Таким же образом Гёте преподносит нам в ближайших сценах педагогические воззрения своего времени, идущие в основном от Базедова. Дети, например, говорили тогда, заучивают много непонятных им вещей, правильная же метода состоит в том, чтобы знакомить их с реальными предметами посредством наглядного созерцания и опыта. И вот Карл, так же как это было принято в дни юности Гёте, говорит своему отцу наизусть: «Якстхаузен – деревня и замок на Яксте; им наследственно владеют двести лет господа фон Берлихингены». Когда, однако, Гёц его спрашивает: «А ты знаешь господина фон Берлихингена?» – мальчик тупо смотрит на него, – от большой учености он не знает собственного отца. Гёц уверяет, что он знал все тропы, выходы и броды еще до того, как познакомился с названиями реки, деревни и замка. Все это – чужеродные привески, никак не связанные с сюжетом. Там же, где этот сюжет мог бы быть развернут в его своеобразной глубине, как, например, в разговоре между Гёцом и Вейслингеном, мы слышим лишь холодные прозаические размышления о переживаемой эпохе.
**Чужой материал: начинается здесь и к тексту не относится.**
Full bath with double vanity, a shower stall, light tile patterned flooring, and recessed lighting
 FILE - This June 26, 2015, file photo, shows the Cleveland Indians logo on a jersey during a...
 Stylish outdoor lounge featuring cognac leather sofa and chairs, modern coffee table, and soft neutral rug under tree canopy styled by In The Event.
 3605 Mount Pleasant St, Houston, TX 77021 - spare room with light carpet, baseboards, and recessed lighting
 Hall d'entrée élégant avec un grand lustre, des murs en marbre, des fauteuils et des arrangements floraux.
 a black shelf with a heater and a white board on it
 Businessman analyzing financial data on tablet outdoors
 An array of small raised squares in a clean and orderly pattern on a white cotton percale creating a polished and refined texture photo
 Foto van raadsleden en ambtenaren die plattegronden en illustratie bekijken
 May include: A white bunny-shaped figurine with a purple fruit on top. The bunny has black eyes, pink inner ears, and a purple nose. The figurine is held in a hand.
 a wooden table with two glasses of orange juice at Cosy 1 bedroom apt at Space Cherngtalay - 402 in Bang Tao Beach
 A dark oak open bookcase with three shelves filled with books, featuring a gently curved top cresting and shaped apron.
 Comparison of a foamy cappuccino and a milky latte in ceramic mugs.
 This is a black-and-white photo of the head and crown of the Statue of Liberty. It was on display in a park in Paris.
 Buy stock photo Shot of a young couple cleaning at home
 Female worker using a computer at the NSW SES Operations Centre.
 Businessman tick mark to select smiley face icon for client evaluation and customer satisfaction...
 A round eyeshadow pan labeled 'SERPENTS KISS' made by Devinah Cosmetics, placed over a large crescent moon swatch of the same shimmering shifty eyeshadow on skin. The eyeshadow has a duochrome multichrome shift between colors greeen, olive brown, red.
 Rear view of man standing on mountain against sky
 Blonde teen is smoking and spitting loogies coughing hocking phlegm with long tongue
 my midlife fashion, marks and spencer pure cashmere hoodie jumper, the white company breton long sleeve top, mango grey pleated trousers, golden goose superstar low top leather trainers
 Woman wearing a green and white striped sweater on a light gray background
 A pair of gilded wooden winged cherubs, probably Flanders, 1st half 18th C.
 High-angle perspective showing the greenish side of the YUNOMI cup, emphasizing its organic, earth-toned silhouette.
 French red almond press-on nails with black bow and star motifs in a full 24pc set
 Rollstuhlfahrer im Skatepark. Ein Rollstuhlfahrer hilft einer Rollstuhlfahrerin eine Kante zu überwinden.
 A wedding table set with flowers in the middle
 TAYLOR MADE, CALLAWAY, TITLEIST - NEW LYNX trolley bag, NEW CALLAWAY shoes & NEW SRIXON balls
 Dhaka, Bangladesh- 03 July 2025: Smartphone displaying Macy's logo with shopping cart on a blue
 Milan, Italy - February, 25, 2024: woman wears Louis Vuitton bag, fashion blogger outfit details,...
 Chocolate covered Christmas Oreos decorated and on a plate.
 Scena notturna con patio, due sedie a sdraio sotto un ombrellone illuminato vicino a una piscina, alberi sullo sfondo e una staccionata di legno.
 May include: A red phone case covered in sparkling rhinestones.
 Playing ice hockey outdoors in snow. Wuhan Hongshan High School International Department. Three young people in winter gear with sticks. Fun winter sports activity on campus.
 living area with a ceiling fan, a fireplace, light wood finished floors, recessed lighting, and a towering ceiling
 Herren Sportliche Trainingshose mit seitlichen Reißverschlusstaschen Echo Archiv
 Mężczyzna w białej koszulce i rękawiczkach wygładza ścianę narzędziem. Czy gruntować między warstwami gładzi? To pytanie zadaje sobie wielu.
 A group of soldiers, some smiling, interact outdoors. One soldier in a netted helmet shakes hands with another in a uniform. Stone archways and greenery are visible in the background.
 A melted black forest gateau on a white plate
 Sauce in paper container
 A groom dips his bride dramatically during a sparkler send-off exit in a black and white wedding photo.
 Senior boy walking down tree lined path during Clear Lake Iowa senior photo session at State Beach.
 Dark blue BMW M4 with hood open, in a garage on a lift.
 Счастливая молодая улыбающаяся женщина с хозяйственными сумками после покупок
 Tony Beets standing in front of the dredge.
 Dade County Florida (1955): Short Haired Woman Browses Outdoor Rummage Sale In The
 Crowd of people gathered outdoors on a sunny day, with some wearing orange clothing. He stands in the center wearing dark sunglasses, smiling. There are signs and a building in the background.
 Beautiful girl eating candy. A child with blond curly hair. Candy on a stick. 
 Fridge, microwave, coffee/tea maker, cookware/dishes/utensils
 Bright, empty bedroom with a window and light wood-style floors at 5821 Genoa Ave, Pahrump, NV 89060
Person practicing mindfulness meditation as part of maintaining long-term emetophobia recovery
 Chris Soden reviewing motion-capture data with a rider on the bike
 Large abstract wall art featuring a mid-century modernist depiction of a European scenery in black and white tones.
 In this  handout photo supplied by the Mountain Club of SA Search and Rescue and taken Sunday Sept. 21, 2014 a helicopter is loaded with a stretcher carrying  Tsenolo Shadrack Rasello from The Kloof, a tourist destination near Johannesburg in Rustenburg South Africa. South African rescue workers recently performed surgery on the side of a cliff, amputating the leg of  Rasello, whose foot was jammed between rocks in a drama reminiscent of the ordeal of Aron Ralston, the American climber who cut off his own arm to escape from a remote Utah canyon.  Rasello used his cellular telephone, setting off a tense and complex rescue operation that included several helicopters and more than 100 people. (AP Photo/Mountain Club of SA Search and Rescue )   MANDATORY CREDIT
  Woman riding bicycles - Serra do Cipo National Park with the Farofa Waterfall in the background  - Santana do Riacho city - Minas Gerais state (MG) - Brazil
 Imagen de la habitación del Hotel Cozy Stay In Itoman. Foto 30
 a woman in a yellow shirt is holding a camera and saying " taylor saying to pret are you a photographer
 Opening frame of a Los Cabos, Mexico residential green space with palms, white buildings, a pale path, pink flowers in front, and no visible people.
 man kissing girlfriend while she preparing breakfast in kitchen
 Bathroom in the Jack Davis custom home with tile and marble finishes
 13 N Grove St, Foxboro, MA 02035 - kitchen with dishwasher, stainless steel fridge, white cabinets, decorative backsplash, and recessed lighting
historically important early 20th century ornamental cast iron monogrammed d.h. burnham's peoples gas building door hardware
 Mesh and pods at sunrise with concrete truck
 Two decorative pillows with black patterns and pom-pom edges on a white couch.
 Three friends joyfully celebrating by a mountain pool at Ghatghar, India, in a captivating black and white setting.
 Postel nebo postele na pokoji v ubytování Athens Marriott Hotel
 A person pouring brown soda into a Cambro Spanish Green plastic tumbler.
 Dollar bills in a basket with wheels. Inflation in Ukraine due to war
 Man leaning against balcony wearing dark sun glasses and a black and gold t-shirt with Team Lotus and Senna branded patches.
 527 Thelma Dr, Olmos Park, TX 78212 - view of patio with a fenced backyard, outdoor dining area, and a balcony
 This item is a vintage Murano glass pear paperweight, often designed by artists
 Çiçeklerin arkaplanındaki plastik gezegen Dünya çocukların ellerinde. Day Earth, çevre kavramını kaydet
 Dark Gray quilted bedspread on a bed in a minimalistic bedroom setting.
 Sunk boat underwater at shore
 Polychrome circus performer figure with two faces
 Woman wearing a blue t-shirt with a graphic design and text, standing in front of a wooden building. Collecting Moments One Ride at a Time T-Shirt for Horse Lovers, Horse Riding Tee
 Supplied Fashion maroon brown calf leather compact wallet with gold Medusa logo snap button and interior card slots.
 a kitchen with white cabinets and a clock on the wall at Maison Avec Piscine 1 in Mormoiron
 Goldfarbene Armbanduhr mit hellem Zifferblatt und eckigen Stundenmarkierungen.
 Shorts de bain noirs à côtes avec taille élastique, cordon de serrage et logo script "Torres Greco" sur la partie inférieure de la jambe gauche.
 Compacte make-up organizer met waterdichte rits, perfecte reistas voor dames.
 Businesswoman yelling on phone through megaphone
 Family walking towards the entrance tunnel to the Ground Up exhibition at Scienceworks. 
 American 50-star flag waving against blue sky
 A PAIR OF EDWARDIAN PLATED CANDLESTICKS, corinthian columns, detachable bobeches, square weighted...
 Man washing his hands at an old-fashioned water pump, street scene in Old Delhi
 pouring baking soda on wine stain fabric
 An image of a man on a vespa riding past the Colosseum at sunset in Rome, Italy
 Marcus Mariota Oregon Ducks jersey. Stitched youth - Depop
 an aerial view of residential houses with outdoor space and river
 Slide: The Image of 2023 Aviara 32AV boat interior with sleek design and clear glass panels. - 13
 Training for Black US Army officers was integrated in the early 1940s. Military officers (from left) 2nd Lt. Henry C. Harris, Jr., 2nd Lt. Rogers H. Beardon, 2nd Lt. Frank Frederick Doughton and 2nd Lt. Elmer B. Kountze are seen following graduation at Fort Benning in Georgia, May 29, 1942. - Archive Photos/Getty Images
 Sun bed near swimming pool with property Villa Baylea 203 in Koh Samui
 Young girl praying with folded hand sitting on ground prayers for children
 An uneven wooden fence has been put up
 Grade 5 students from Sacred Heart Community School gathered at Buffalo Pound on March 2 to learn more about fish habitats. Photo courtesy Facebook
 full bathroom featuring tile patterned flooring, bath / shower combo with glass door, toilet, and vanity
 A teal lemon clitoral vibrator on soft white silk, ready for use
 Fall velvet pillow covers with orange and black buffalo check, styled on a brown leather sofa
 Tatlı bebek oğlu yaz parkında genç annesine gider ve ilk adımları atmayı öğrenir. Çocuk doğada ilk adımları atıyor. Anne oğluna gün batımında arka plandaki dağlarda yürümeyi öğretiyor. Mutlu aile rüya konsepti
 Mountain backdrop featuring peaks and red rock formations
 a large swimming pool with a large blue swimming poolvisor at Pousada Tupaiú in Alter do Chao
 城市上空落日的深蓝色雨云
Даже в «Избирательном сродстве» мы находим отдельные моменты, не вытекающие из содержания и носящие вставной характер: насаждение парка, живые картины, качание маятника, опыты с металлами, головные боли, весь заимствованный из химии образ химических средств. В романе, действие которого происходит в определенной прозаической эпохе, подобные вставки, пожалуй, вполне допустимы, в особенности когда это делается так искусно и привлекательно, как у Гёте; кроме того, художественное произведение не может оставаться совершенно не затронутым культурой своего времени. Однако одно дело – отражать саму эту культуру и другое – выискивать и внешне соединять материалы независимо от собственного содержания художественного воплощения.

Подлинная оригинальность как художника, так и художественного произведения заключается в том, что они одушевлены разумностью истинного в самом себе содержания. Только в том случае, когда художник полностью усвоил себе этот объективный разум и не нарушает его чистоты чуждыми особенностями, взятыми извне или изнутри, – только в этом случае в воплощенном им предмете он воспроизводит также и себя самого в своей истинной субъективности, стремящейся быть лишь живым средоточием завершенного в самом себе художественного произведения. Ибо во всяком истинном мышлении, творчестве и созидании подлинная свобода предоставляет господство субстанциальному началу как силе, которая является вместе с тем собственной силой самого субъективного мышления и воли, так чтобы в завершенном примирении субъективной свободы и субстанциального начала не было никакого разлада между ними.

Таким образом, хотя оригинальность в искусстве поглощает всякую случайную особенность, она делает это лишь для того, чтобы художник мог всецело следовать импульсу и полету своего гения, своего вдохновения, проникнутого исключительно изображаемым предметом, и чтобы вместо каприза и пустого произвола он мог воплотить свою истинную самобытность в предмете, созданном им согласно истине. Не иметь никакой манеры – вот в чем состояла во все времена единственно великая манера, и лишь в этом смысле мы можем назвать оригинальными Гомера, Софокла, Рафаэля, Шекспира.